Assigned task: Note each line of the entries that includes "Vintage". Then copy those lines.

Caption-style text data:
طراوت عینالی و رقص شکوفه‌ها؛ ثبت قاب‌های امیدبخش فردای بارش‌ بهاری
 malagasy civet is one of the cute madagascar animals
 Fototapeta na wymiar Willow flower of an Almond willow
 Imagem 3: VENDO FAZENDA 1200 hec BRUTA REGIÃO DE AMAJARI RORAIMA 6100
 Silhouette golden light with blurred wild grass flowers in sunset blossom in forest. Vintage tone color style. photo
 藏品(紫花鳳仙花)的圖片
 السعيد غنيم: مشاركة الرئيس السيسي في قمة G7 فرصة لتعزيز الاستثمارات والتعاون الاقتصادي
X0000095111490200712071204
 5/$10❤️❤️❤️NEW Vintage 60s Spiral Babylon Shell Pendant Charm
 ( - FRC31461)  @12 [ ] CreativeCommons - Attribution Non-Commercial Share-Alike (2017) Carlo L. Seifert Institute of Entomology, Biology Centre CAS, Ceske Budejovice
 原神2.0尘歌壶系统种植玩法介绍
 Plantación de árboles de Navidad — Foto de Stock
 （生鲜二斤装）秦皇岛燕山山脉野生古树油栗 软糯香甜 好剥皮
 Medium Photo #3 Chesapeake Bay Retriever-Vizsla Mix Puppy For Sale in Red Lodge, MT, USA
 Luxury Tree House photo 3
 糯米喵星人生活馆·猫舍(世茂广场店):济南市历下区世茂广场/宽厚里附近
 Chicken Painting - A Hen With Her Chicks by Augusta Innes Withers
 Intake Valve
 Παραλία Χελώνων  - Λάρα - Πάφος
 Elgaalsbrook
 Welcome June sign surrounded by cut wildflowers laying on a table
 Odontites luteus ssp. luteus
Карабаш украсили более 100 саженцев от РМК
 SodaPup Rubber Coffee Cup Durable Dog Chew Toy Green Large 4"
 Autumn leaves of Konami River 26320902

Task result:
 Silhouette golden light with blurred wild grass flowers in sunset blossom in forest. Vintage tone color style. photo
 5/$10❤️❤️❤️NEW Vintage 60s Spiral Babylon Shell Pendant Charm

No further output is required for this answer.